The implementation of robots into the workplace is steadily becoming more popular. Where initial capital investments may be high, the payoff of bringing robots into the workspace seems to give back endless benefits which far outweighs the costs.
Industrial workplaces are one of the common professional settings that are using robots. Industrial robots take many names, with the most common one being autonomous mobile robots, or AMRs.
AMRs have become popular due to their ability to adapt easily to routine tasks. This includes ease of programming and intuitive routing where inbuilt sensors can detect and avoid obstacles.

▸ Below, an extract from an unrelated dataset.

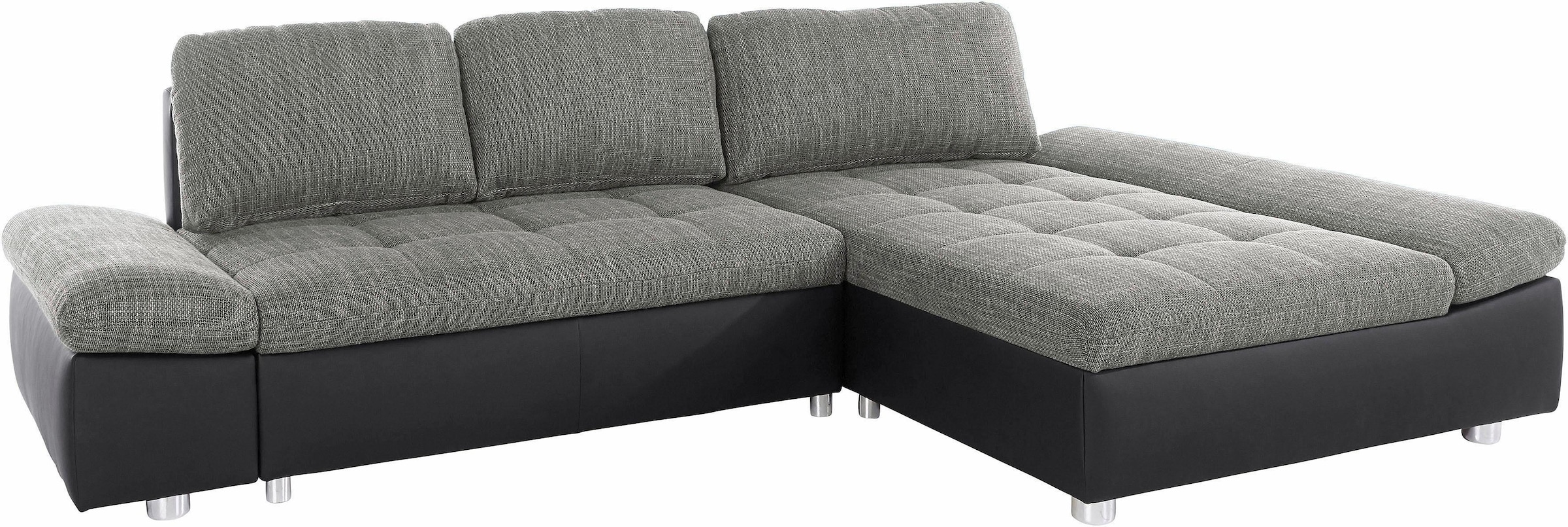 sit&more Ecksofa "Bergamo L-Form", wahlweise mit Bettfunktion, Bettkasten u günstig online kaufen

How AMRs are implemented into the workpace
In addition, AMRs have become favoured in the workplace for their ability to replace a portion of the human workforce. While this has been contested in literature and in real life, it is not necessarily a negative thing.
AMRs can offer many benefits to working alongside and sometimes in replacement of humans while not necessarily taking human jobs.
These reasons include:
- Taking on repetitive tasks that most people do not want to do, such as waste collection and a transfer of items from point a to b.
- Work in off-hours such as the night shift or holidays. The tasks usually completed in these shifts include menial labour where the pay grade is too low and the hours too odd to be appealing to most people.
- Replacing human labour when they call in sick. This gives employers the advantage of having an extra ‘hand’ on call when an employee is unable to make it. This also saves time on finding a replacement and paying double for sick leave and the extra wage.
- AMRs can be assigned to high-risk jobs and carrying heavy loads. This avoid potential human injury and saves humans for jobs that require a higher level of intelligence.